TurningLeaf Wellness Center

THE MONTH OF LOVE

The first day of the month of love. When I think of love, I am reminded of a comment that I hear from people time to time, "I don't know if I love him/her anymore." As I listen to their words, the pain and loneliness pour out like a sad song. After the tears dry a bit I ask, where did the love go? And after a few moments of talking, the realization that love did not leave, just the understanding of who they are has been lost in the relationship.
As we often do, we enter into relationships as a way to feel valued, creating a dependency, hoping that the other person will fill. We  have trouble filling ourselves. What usually happens is that time begins to erode the facade and we are left feeling confused and frustrated. Not only do we feel lost but we feel as though the one we love has changed. And the empty feeling of "I don't know if I love him/her anymore" enters in and the doubt begins. When we find ourselves in this situation, the first place to start is with the question, "Do I love me?" The loss of love in a relationship most often begins with the loss of love for self. We must learn the true meaning of love and recognize that it is self acceptance.
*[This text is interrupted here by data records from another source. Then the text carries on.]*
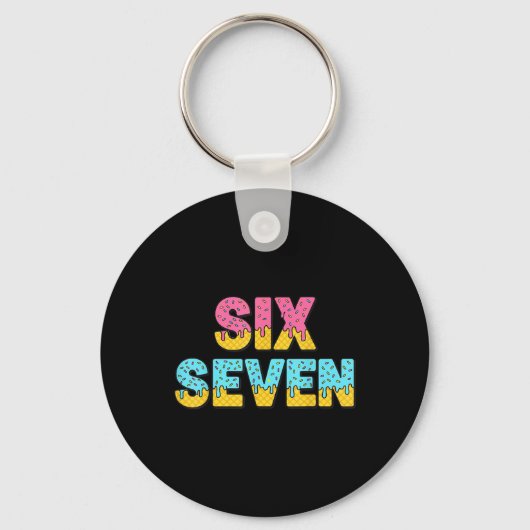 67 Ice Cream Drip Meme Funny Six Seven Gen Alpha S キーホルダー (正面)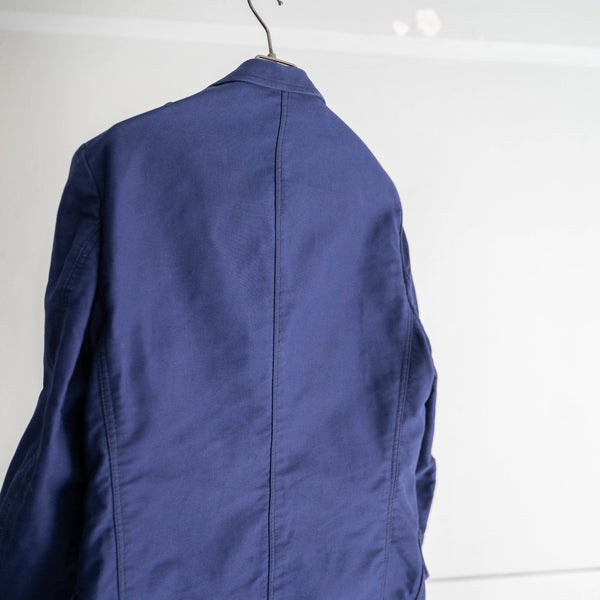 1950-60s France Blue moleskin Fireman jacket 'dead stock'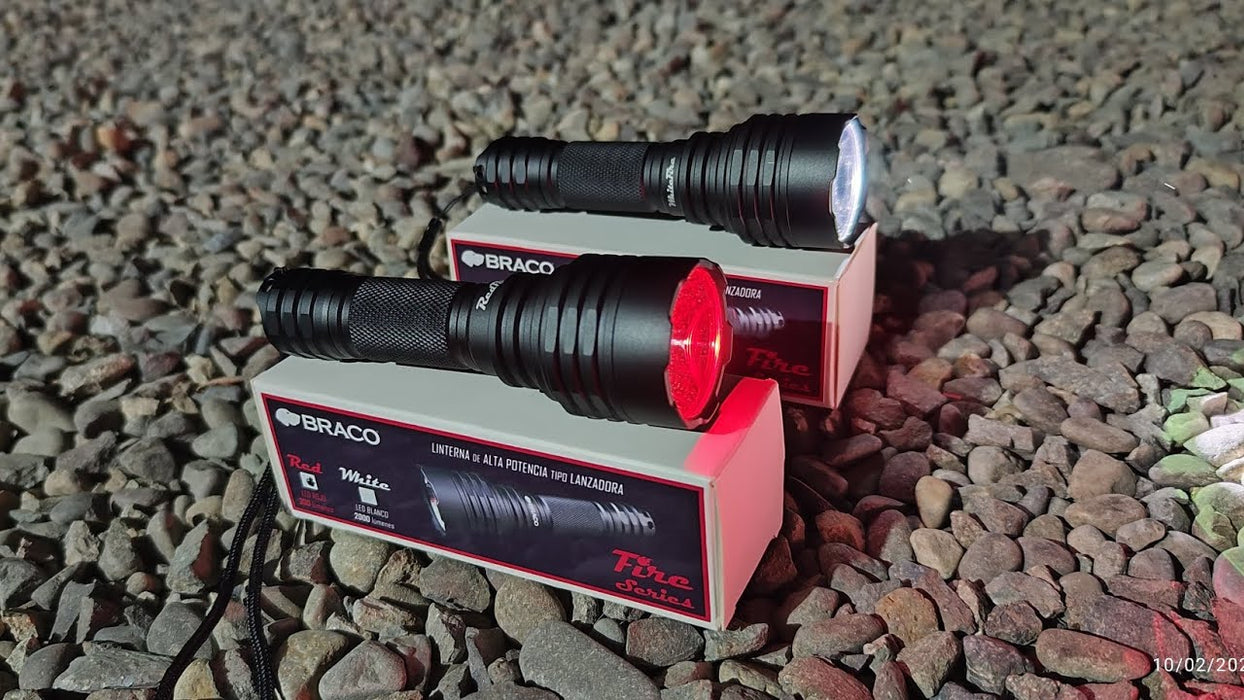 LINTERNA BRACO FIRE LUZ ROJA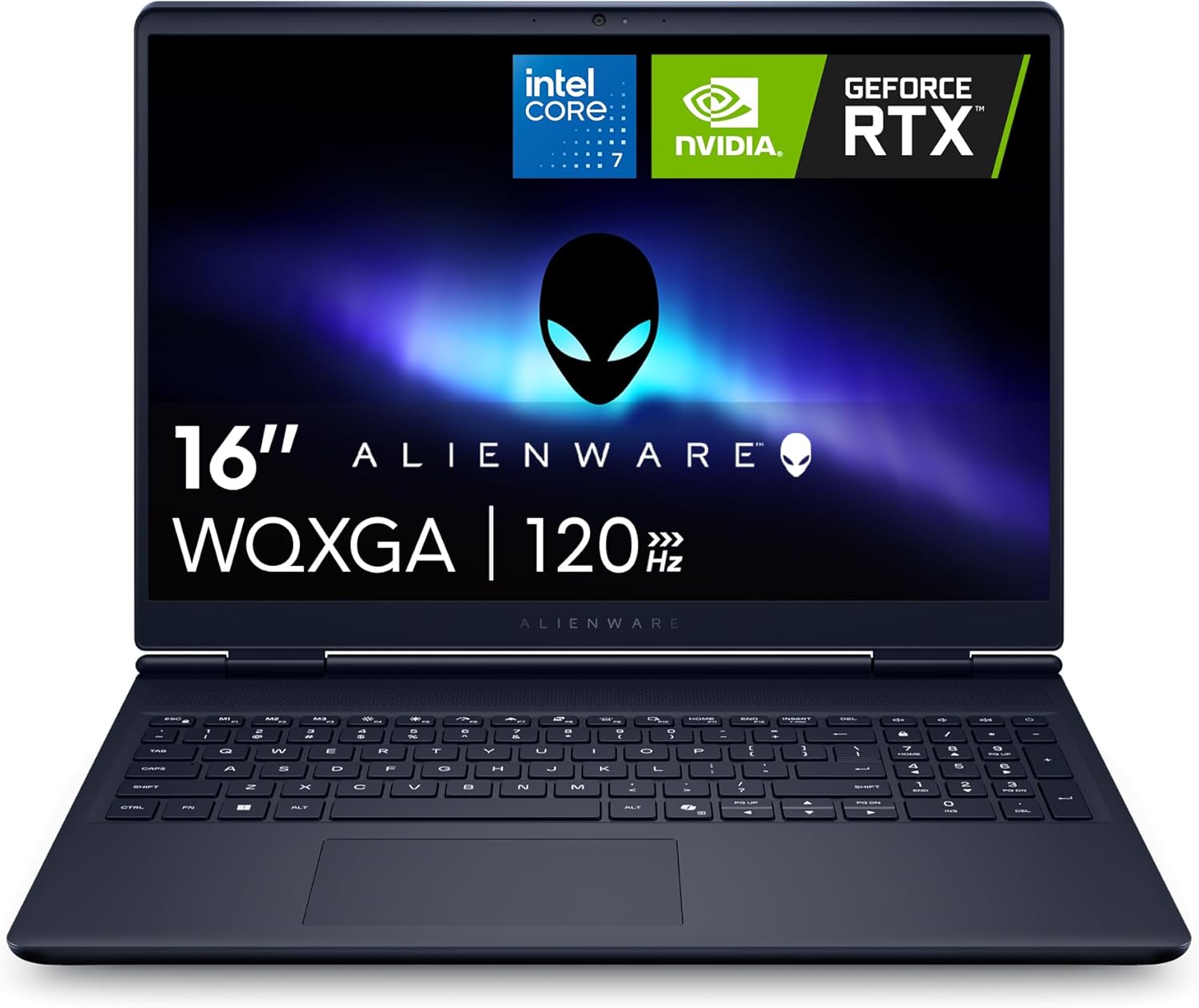 Alienware 16 Aurora Gaming Laptop AC16250-16 WQXGA 120Hz Display  Intel Core 7-240H Processor  16GB DDR5 RAM  1TB SSD  NVIDIA GeForce RTX 5050 8GB Graphics  Windows 11 Home  Onsite Service - Blue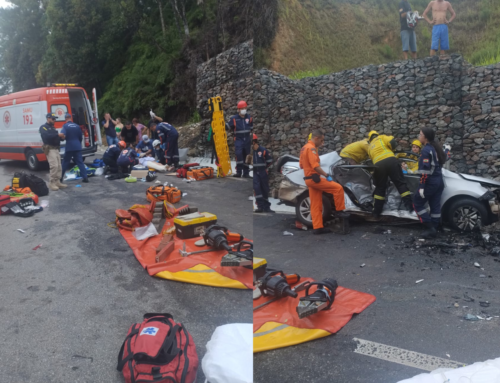 Tragédia na BR-282: Colisão entre carro argentino e veículo brasileiro deixa um morto e feridos graves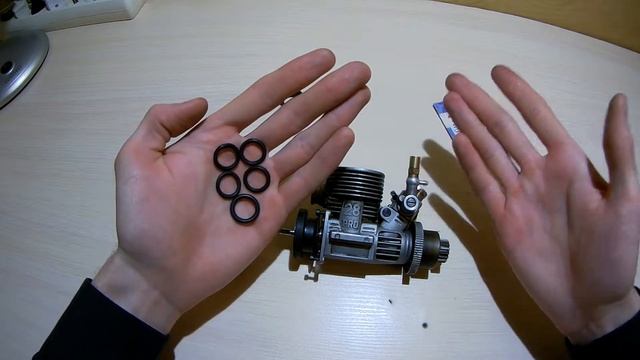 Уплотнение выхлопной трубы с блоком цилиндра нитро ДВС смотреть онлайн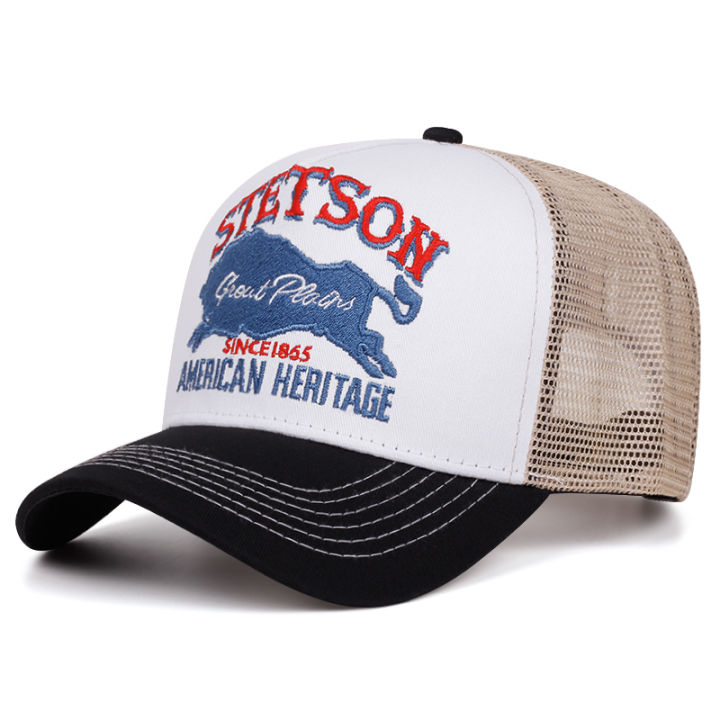 2025%20Personalized%20New%20Truck%20Hat%20STETSON%20Red%20Bear%20Breathable%20Mesh%20Hat%20Street%20Hip%20Hop%20Hat%20Daily%20Casual%20Wear%20Sunshade%20Baseball%20Hat%20-%20Image%203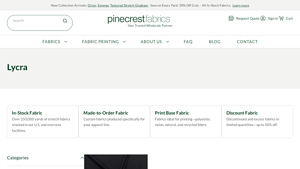 Pine Crest Fabrics - Wholesale Stretch Fabrics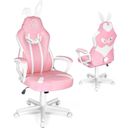 JOYFLY Pink Gaming Chair for Kids, Gamer Chair for Teens Adults Computer Chai...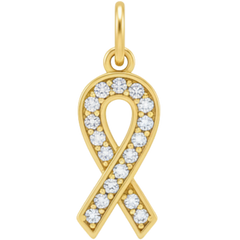 Awareness Ribbon Charm Pendant
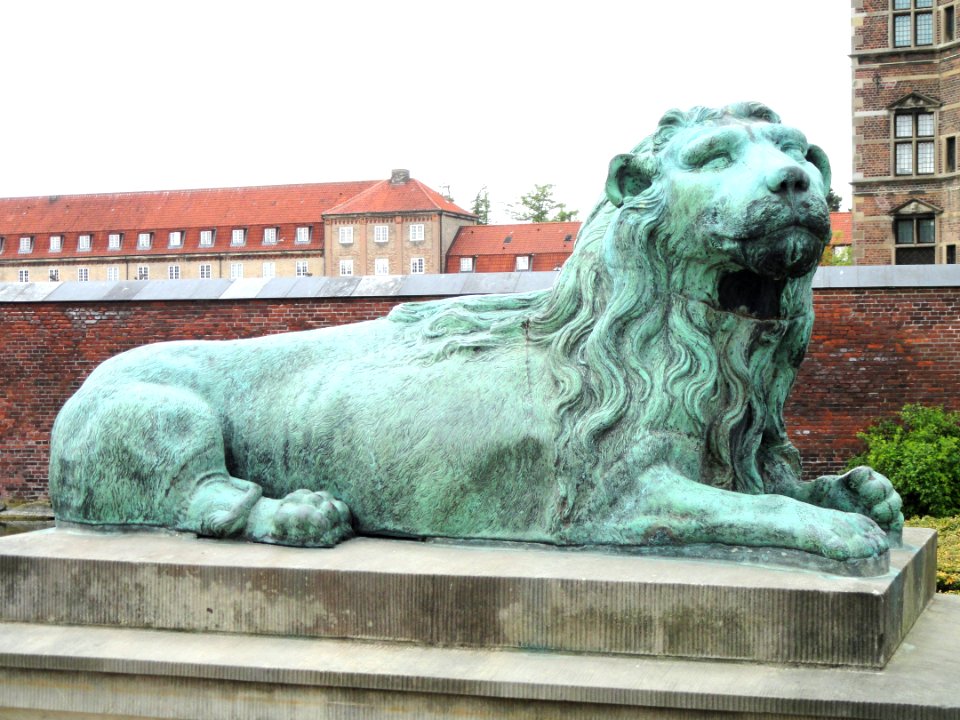 To hvilende løver - Kongens Have - Copenhagen - DSC07896
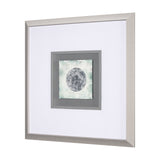Platinum Moona by Studio M a handmade Original Framed Artwork under Glass from Mercana - Luna Furniture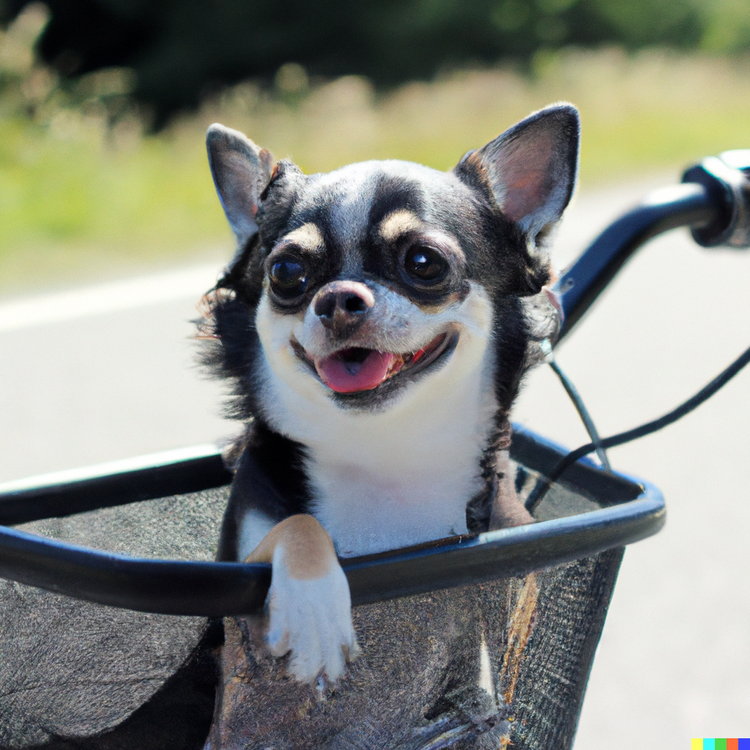 photo chihuahua in a bike basket enjoying himself_1.png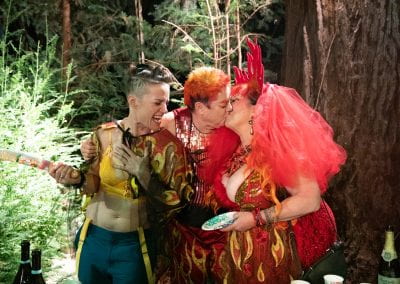 Ecosexual Wedding to Fire, Boulder Creek Photo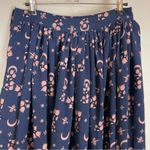 Collectif London Skirt Jasmine Moonflower Floral Blue Size Small 6 A Photo 7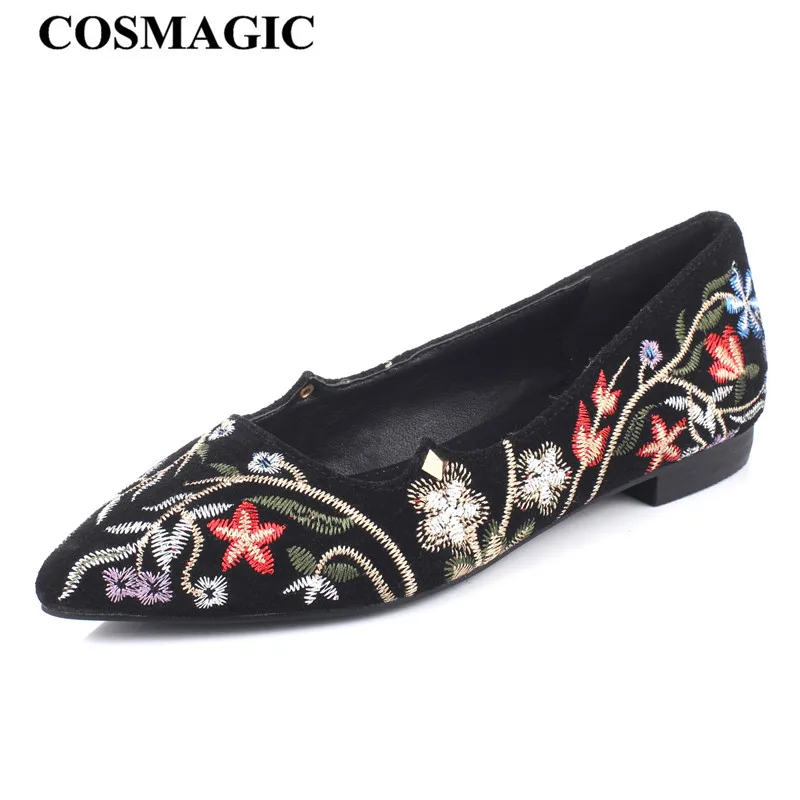 genuine leather ballet flats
Once we accept ourselves and eliminate conditions, we can begin to understand our value and feel love from others without conditions on them.


Dean N Nixon
Seminar Director, Life Coach

TurningLeaf Wellness Center

February 2, 2010

WHAT WOULD I GIVE?

What would I give? I listened to a speaker today, he poised the question "what would you give up for God?" It struck me as he spoke about the things we could let go of to show our devotion. Cars, phones, friends, inappropriate relationships and other items. As the message seeped in to my heart I asked myself, Dean what would you give up? I ran through my list and saw it was rather easy to let go of most things. But then it struck me as deep as ever it could. It is fear! It is fear we fight to give up, we cling to and depend on it, it is fear we become addicted to and drunk on to the point of fatal attraction. The fear of not being loved, the fear of not being good enough, or the fear of loss of things and people and stuff. We are asked to believe and have faith, to trust that we are cared for. In his mind, yet fear tells us we are crazy and clouds our belief. Now my eyes are open to it and now I am resigned to give up my fear and as my close friend and brother Cliff keeps saying, "Embrace YOUR power."